He was a broadcaster, teacher and attorney before becoming the Kansas secretary of agriculture in 1986. In 1990, he was called upon to be a White House Fellow for the Class of '90-91, detailed to the Office of the U.S. Trade Representative. After serving in that capacity for one year at the White House, Brownback returned to Kansas to resume his position as secretary of agriculture and remained in this position until 1993. He was elected to the United States House of Representatives in 1994, but served there for only one term as he decided to enter into the special Senatorial election in November 1996 to replace Bob Dole, who had resigned his Senate seat during his presidential campaign.
Brownback won the primary by defeating former Lieutenant Governor Sheila Frahm, who had been appointed to temporarily fill the seat. He defeated Democrat Jill Docking in the general election and was elected to a full term in the Senate in 1998. He won re-election in the 2004 senate election with 69% of the vote, easily defeating his Democratic challenger, Lee Jones, a former Washington, D.C. lobbyist who was considered less than viable, especially after losing the Democratic Primary.
Brownback has announced that he would not run for reelection in 2010, in accordance with his support of term limits for members of Congress. He is a member of the Judiciary Committee, the Senate Appropriations Committee (where he chairs the Subcommittee on District of Columbia), the Joint Economic Committee, and the Commission on Security and Cooperation in Europe.
Brownback is married to the former Mary Stauffer, heiress to a Topeka newspaper fortune. The couple are the parents of five children (two of them adopted).
Views
Brownback is an outspoken, socially conservative politician, joining staunch senate conservatives such as Rick Santorum, Pat Roberts and Tom Coburn on issues of social legislation. He favors capital punishment and opposes embryonic stem cell research. He is against same-sex marriage, pornography[1], favors teaching intelligent design alongside evolution, and is anti-abortion, having compared the procedure to "a holocaust" [2], and believes there is no inherent right to privacy in the Constitution despite expressing disapproval of President Bush's assertions on the legality of the NSA wiretapping program.[3]
Despite the appeal of Brownback's socially conservative policies to conservative Protestant evangelicals, he converted to the Roman Catholic church in 2002, with the assistance of fellow Republican Senator Rick Santorum.

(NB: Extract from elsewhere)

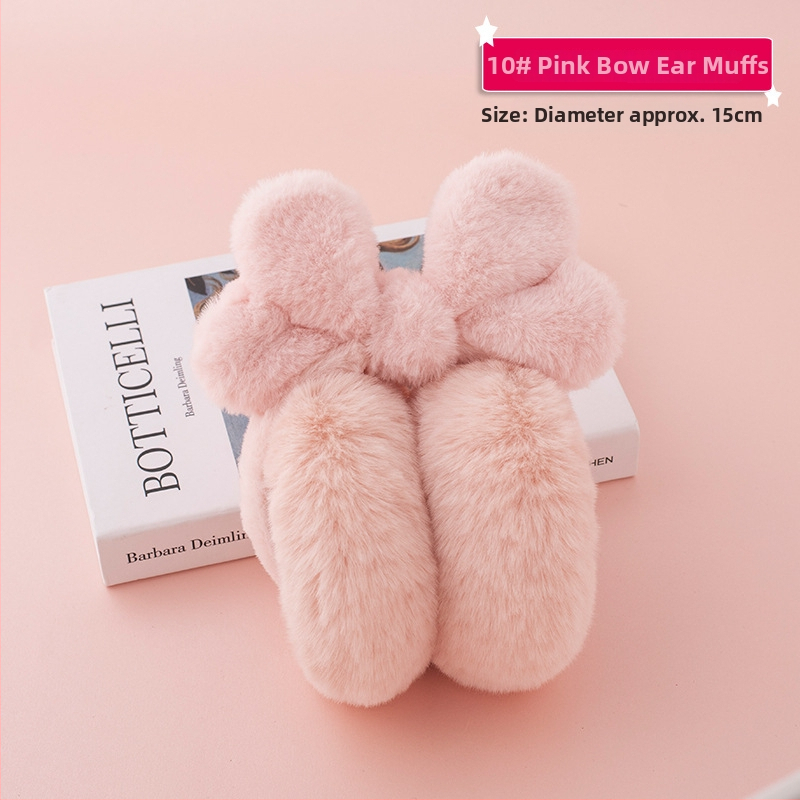 Laste plüüs kõrvakaitsed – talvine soojus, kokkupandav, karikatuurimuster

Brownback has also advocated a more progressive foreign policy with respect to Africa. He visited refugee camps in Sudan in 2004 and returned to write a resolution labeling the Darfur conflict as genocide, and has been active on attempting to increase U.S. efforts to resolve the situation [4]. He is also an endorser of the Genocide Intervention Network [5].
After the September 11 terrorist attacks, he worked with Senator Ted Kennedy on legislation that imposed stricter entry standards at the borders of the United States. Brownback worked with Congressman John Lewis to help win placement of the African American Museum on the National Mall in Washington, DC.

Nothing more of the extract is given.